GSoC 2025 Application: BookBrainz - Use Solr Search Server

michael-w1 · March 20, 2025, 4:53am

High level overview of how search works:
User inputs text into Search Field → Text get filtered (converted to lowercase, ignoring accents in characters) → Get converted to tokens by splitting on whitespace and punctuation → Filtering out certain tokens like stop words etc. if needed

Look into finding the analysis setting used in elastic in Solr Search

The search is sent to elastic search index to find results. If the index is not generated, sent query to SQL database then create the index. To generate the index, it pulls chunks of 50k records from the database, and takes into account of relationships in the data such the author of an work. I will need to look to into doing the same thing in Solr Search.

Proposal Timeline

May 8 - June 1 - Community Bonding Period

Get to know the mentors
Read documentation on elastic search and Solr search server
Get familiar with build and testing process

12 Week Project Period

Week 1 - June 2-9 - Initial Research

Look at the source code with elastic search for BookBrainz
Note the current data schema for the books
Review how other MetaBrainz websites use Solr Search

Week 2 - June 9-16 - Solr Setup and Configuration

Setup Solr development environment
Create Solr development instance and configure it for search queries

Week 3 - June 16-23 - Design Solr Schema

Analyze data structure for all entities (authors, work, etc.)
Design Solr Schema that supports multi-entity search

Week 4 June 23-30 Develop Multi-Entity Search Model and Indexing

Implement a prototype Solr schema to support multi-entity search

Begin indexing data for different entity types

Test that the multi-entity search works in Solr with the sample data
Make sure that schema supports combined queries across multiple entities

Week 5 - June 30-July 7 Integrate to Website

Adapt search logic and integrate with website
Update backend logic to use Solr Search instead of Elastic search
Update website routes to work with Solr

Week 6 July 7-14 Data Migration and Indexing

Migrate data from Elastic search to Solr and ensure that it is indexed correctly
Test the indexing process for different entities

July 14 - Submit midterm evaluation

Week 7 July 14-21: Finalize Multi-Entity Search Functionality

Finalize the multi-entity search feature to ensure all entity types are handle in one query
Ensure that Solr can return results from authors, works, editions, etc.

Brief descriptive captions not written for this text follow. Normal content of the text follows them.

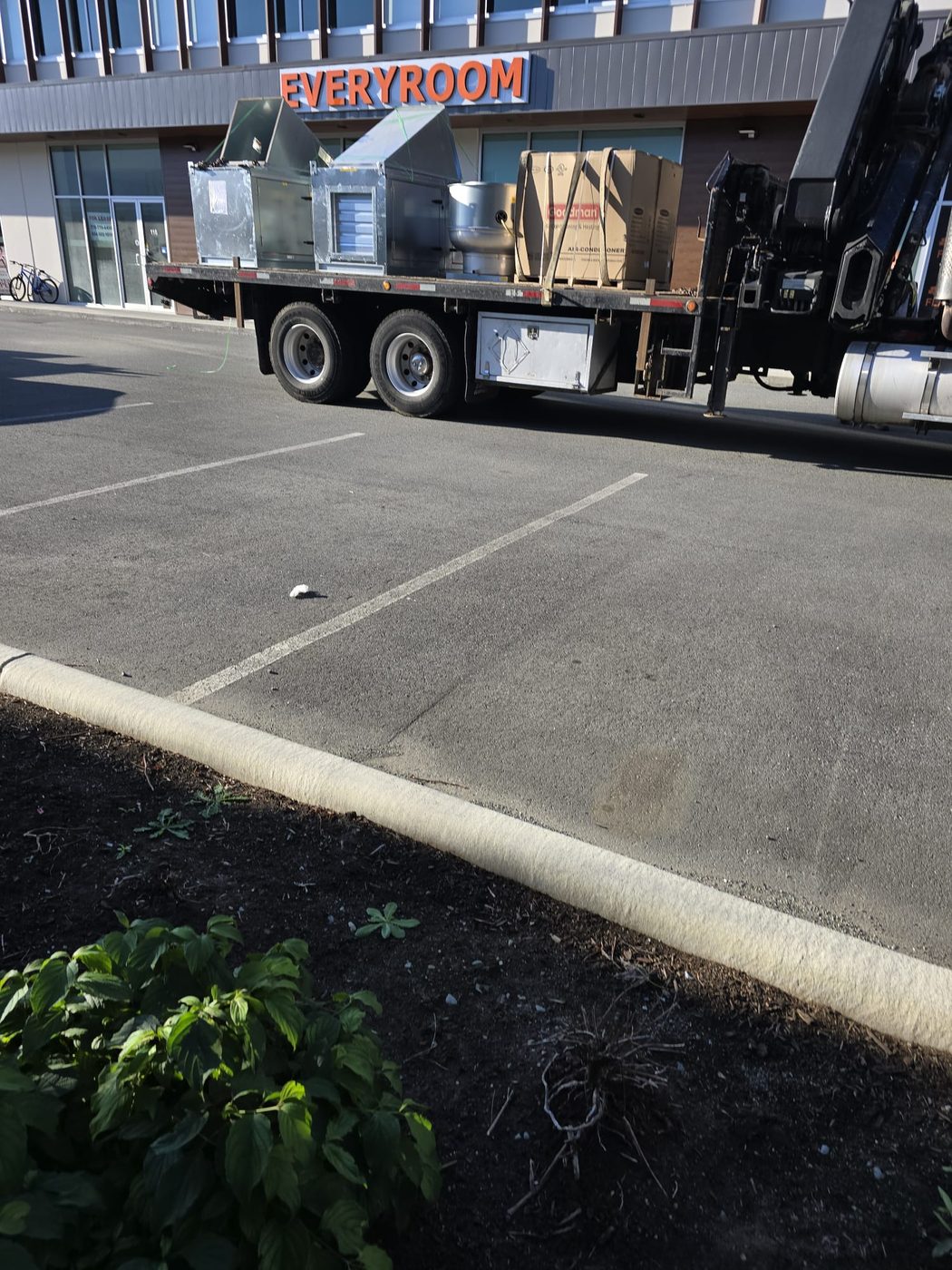 CaptiveAire climate systems and heavy kitchen machinery arriving on an A3 Equipment logistics truck.
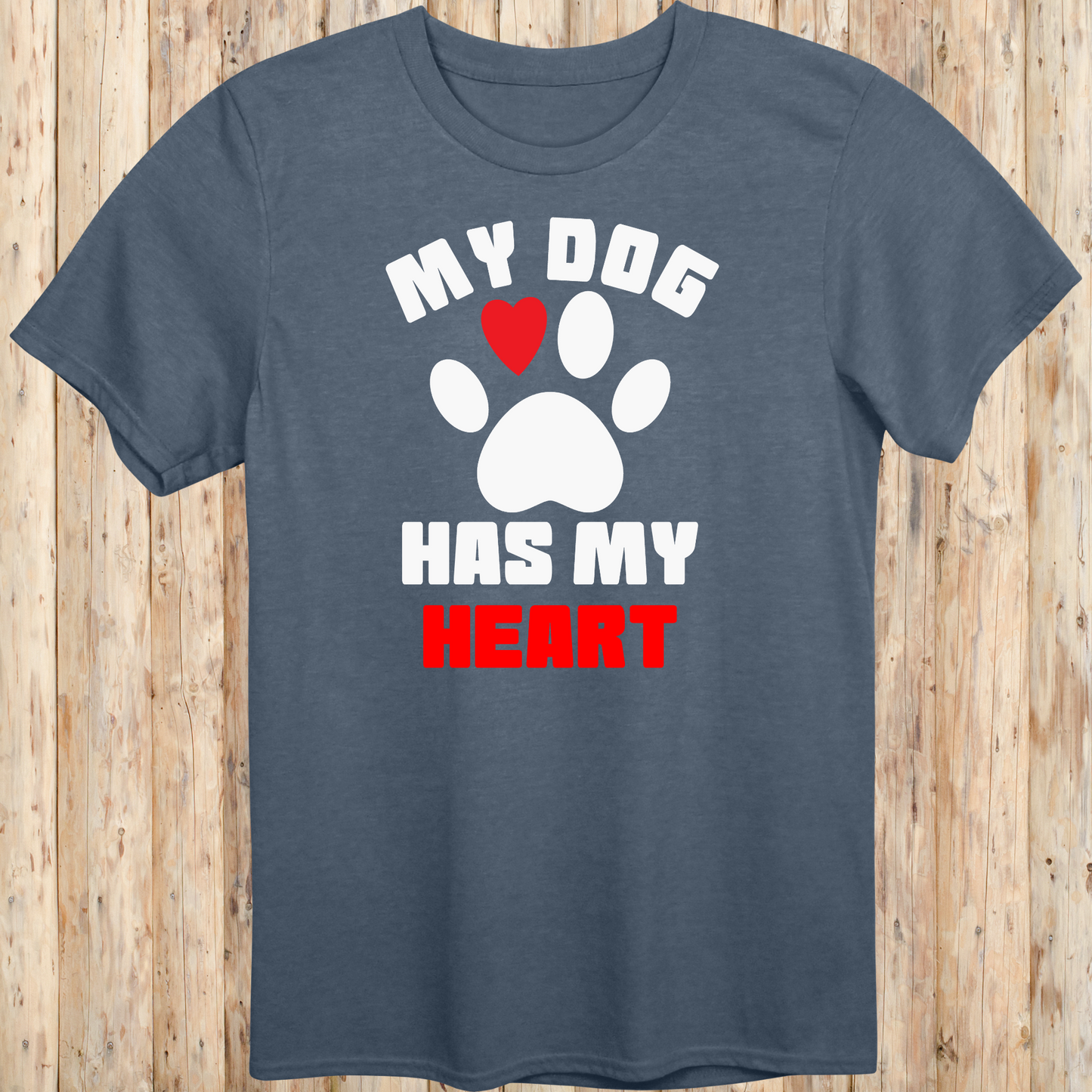 Heather indigo unisex t-shirt with bold text that reads 'My Dog Has My Heart', perfect for dog lovers and devoted pet parents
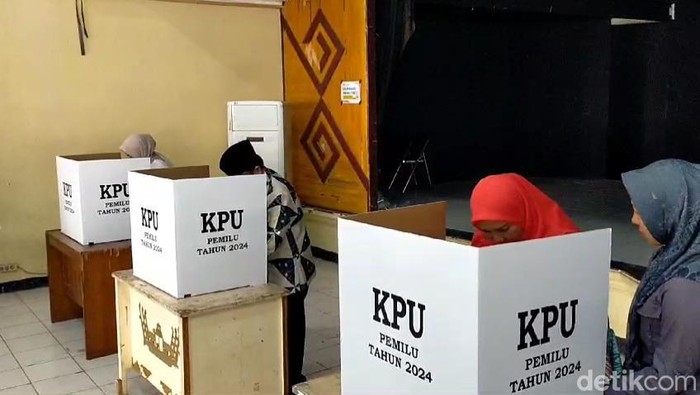 Momen Walikota Bandar Lampung Eva Dwiana menukar surat suara yang dibawa oleh ajudannya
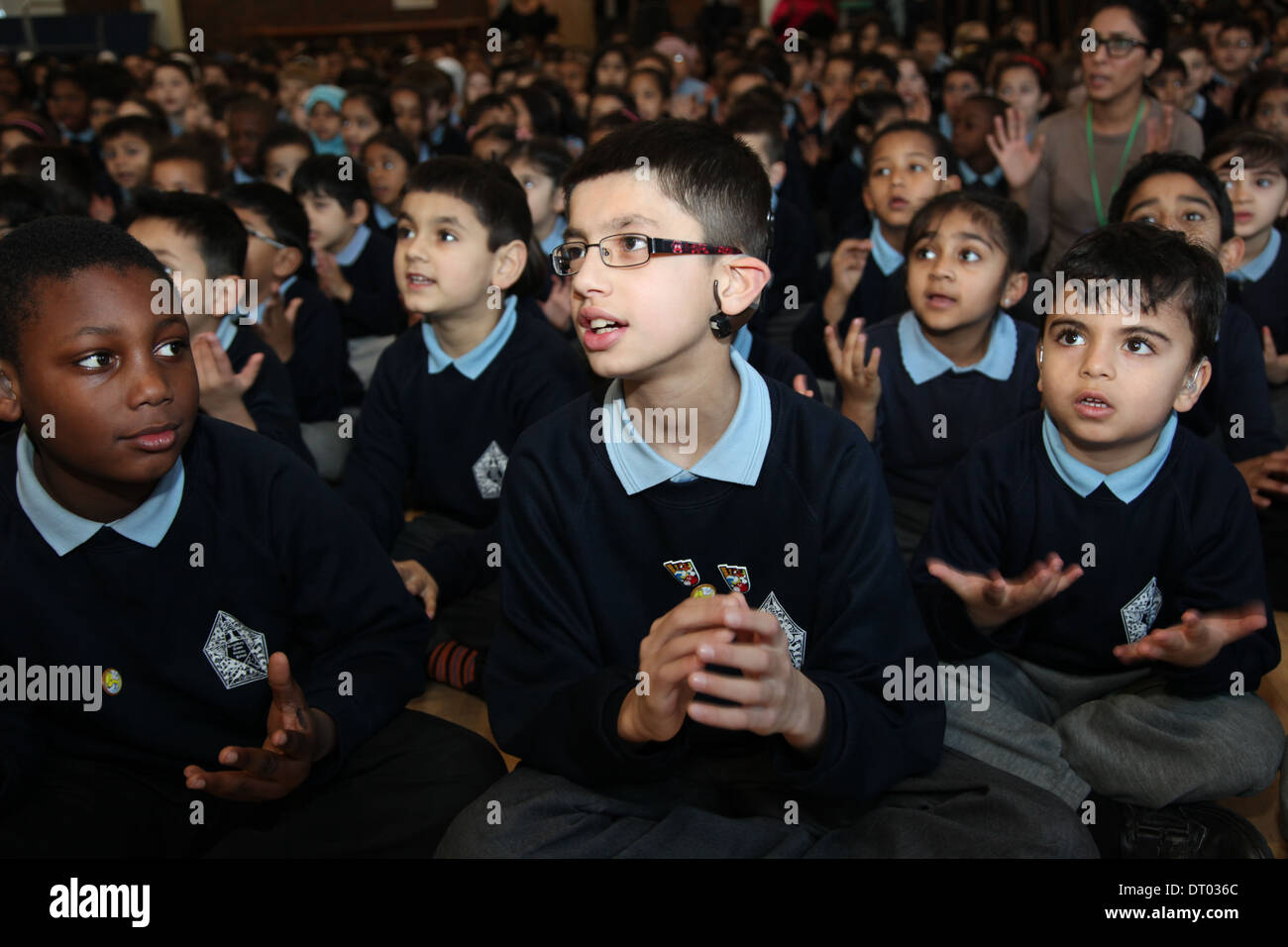 Children singing and performing sign language at a school assembly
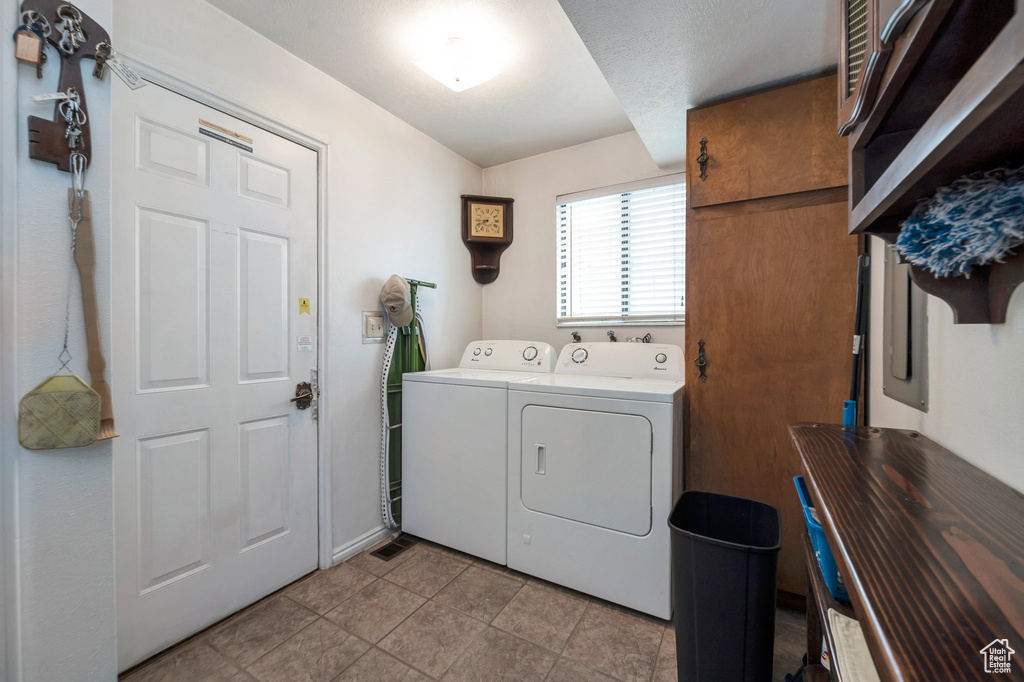 Clothes washing area featuring washer and clothes dryer and light tile patterned floors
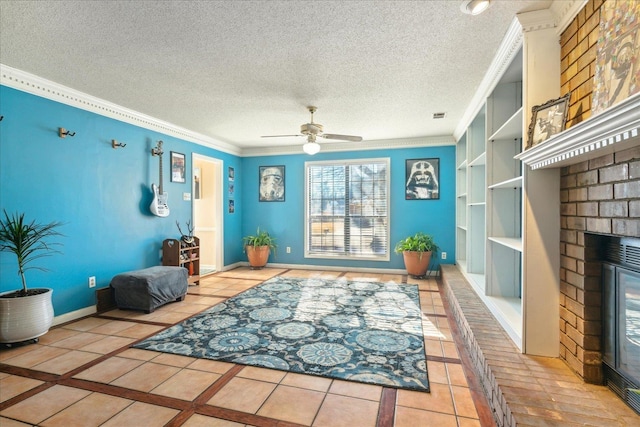 living room with built in shelves, ceiling fan, ornamental molding, light tile patterned flooring, and a brick fireplace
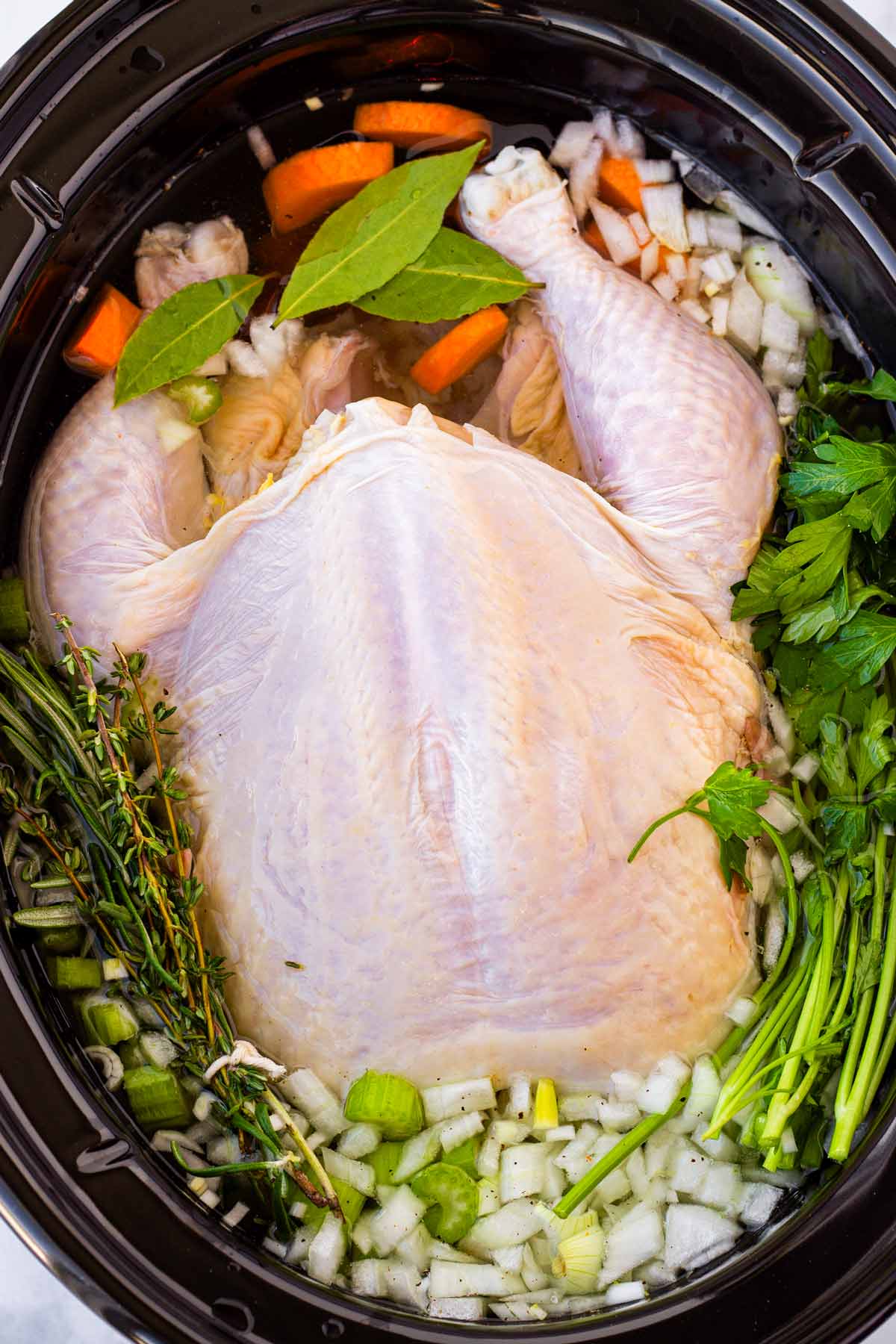 added aromatics and fresh herbs to the chicken noodle soup before cooking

Week 8 July 21-28: Frontend Integration and Testing

Integrate Solr-based search into the frontend
Make sure the UI is working with Solr’s multi-entity search

Week 9 July 28-August 4 - Performance Optimization and User Testing

Research and see if there are any performance optimizations can be made
Test that search is working as expected
Test if search can handle large datasets and heavy usage

Week 10 August 4-11 - Refinements, Deployment and Documentation

Finalize the search server integration and prepare for production deployment
Document the search system and changes made to the code
Deploy to production and monitor for any issues

2 Week buffer for any unexpected delays

Week 11 - August 11-18

Week 12 - August 18-25

Submit Project

Community Affinities
Some music that I listen to is: bd5bd7cf-cb0e-4848-87e2-df54084a3286bd5bd7cf-cb0e-4848-87e2-df54084a3286

What interests me the most about BookBrainz is that it is offers valuable data that is easily accessible to anymore. With the code being open source, the project is also community driven.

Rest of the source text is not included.